Features - Interviews

Q+A: A Place To Bury Strangers


Amid preparations for a three-month tour of the US and Europe, A Place to Bury Strangers front man Oliver Ackermann chats to Joe Madsen about the release of their fourth album, Transfixiation, and their years as a changing act in a niche genre. APTBS to come to Dublin on March 31 and Belfast the following night.

APTBS has gone through quite a few changes over the past decade, shifting band members, management, and labels through its stages. How do you feel the band has changed or grown through all these developments?

I think it’s allowed us to become more focused on exactly what we want to do. You know, when you’re younger, you can get distracted by things that don’t matter, but as you get older and gain more experience, you learn to focus on your craft and the things you want to push through.

So now that you’re further along in your career, you guys are more capable of dealing with petty drama and other kinds of distractions that get in the way?

Yeah, you learn to stick up for yourself and the ideas you have without letting people fill your head with ideas and dreams which are really just what they want you to be. You see through it after time and learn to figure out what it is you care about. It’s not about becoming a superstar, it’s really just about doing the music you enjoy. You get more in touch with reality.

You’ve worked with a few different record labels, both in the states and in the UK, but this latest LP, Transfixiation, is your second with Dead Oceans. How has it been working with them? Do you feel the band is thriving with Dead Oceans?

Oh, they’re great. It’s like working with your friends, a lot of really smart, cool people working together, excited about the music, and they do a great job. You know they’re gonna be there with whatever you need to do, whenever you call them.

And you guys worked with a guy called Jon Whitney who first got you signed back in ’07, when you were getting started. Do you guys still work with him at all?  Or is he less part of things now that you’ve moved further along with your image as a band?

I mean, he’s still a fryoutubeiend of mine, you know, and we’ll still hang out and I’ll tell him what’s going on. I think he’s focused on other things right now, as far as his life goes. I don’t know if he’s working as much with bands anymore, but he’s a really cool dude.

I understand that you guys draw a lot of influence from 80’s group The Jesus and Mary Chain who are doing a 30th-year anniversary tour this year. Are you guys going to check that out or play with them at all in the future like you’ve done before?

Well, we’ll be playing Austin Psych Fest this May, and they’re playing that, too, so we’ll probably check them out. I’d say that kind of influence was a lot more important to me when I was first getting started, learning electric guitar and trying out styles from all those kinds of bands, but I don’t think it’s as influential as it was at the time. I mean, they’re great, but you branch out, start learning new things, listening to new groups because otherwise, you’d just drive yourself mad, listening to the same kind of thing over and over and over again. I don’t listen to them as much as I used to, I guess.

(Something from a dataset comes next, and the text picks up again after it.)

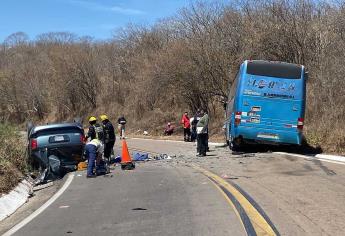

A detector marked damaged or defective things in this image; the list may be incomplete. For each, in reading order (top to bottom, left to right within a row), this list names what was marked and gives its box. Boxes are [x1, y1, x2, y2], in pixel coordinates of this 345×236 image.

damaged gray car [27, 121, 85, 183]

I mean, it might’ve been cooler, more thrilling if I was younger and this were 1985, but who knows how wild it’s gonna get. I mean, maybe their sound is still awesome, but you don’t really get that old kind of vibe with those bands playing off teen angst and anger and doing shitty, fucked up things to each other.

So how important is it to you that people identify APTBS with that generation of 80’s punk music and influence? What does it mean to you to be grouped in with that legacy?

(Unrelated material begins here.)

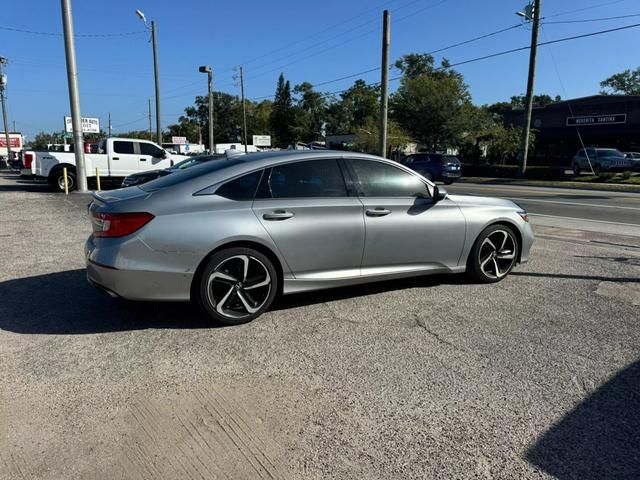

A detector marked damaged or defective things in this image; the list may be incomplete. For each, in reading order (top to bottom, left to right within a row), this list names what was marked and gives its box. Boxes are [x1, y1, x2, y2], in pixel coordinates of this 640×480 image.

cracked pavement [0, 173, 636, 480]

It is what it is, there’s no denying it. It’s cool to be identified with that kind of music at all, and it was sort of the starting point for me to create and play the kind of music I want to play, a jumping point, really, for a lot of these things. But I’m listening to a bunch of different music now, many different kinds of things. There’s a ton of new bands and records coming out nowadays, just want to keep up, keep things fresh.

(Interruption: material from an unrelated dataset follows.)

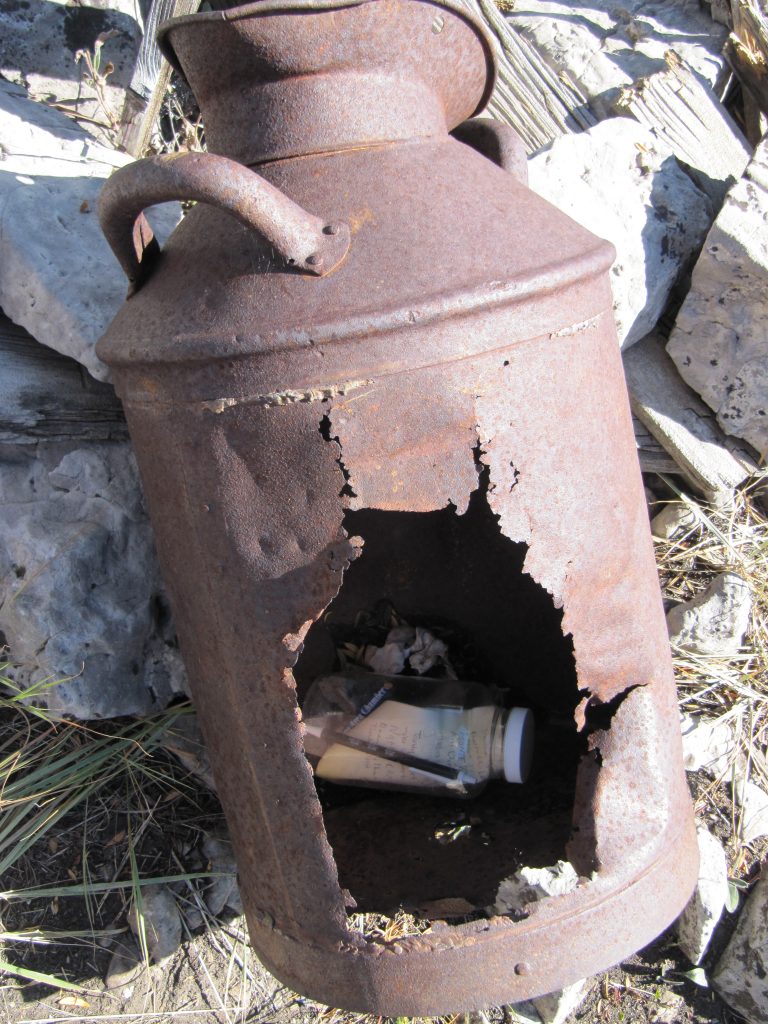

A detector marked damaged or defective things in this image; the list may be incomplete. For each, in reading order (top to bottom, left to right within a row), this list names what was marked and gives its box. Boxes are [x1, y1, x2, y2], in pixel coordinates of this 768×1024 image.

rusty metal milk can [94, 0, 696, 1007]
corroded metal surface [94, 0, 696, 1011]
rusted hole in can [294, 483, 589, 925]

Critics have you labeled you guys as ‘noise rock’ and ‘shoegaze’. What do these labels mean to you guys and how you identify your own work?

To me, that whole ‘shoegaze’ style belongs to a certain era of music, say around 1992, and to me, it seemed like a label that magazines were using to put on bigger collections of bands like Lush and My Bloody Valentine. It’s crazy how those kinds of things can take off and become a whole genre, and then you find yourself grouped in with it. But hey, it’s cool.

Now with this upcoming tour, you’re gonna be all over the US, UK, Ireland, and the rest of Europe for the next few months, playing for fans everywhere. How excited are you guys for that?

Super excited. We’ve got a lot of new things planned for this tour, things we’ve never tried before in concert that we’re super pumped to do. I mean, we reached a point recording this album when we wondered what the hell we were doing and questioned whether we even wanted to go on, and you get to a point when you realize you gotta shake things up, ready yourself for something new. We realized that we had an opportunity to do something really awesome, really special, so we’re excited to try out some new stuff this time around and see how it works out.

A Place To Bury Strangers play Dublin’s Workmans Club on March 31 and Belfast’s Voodoo on April 1.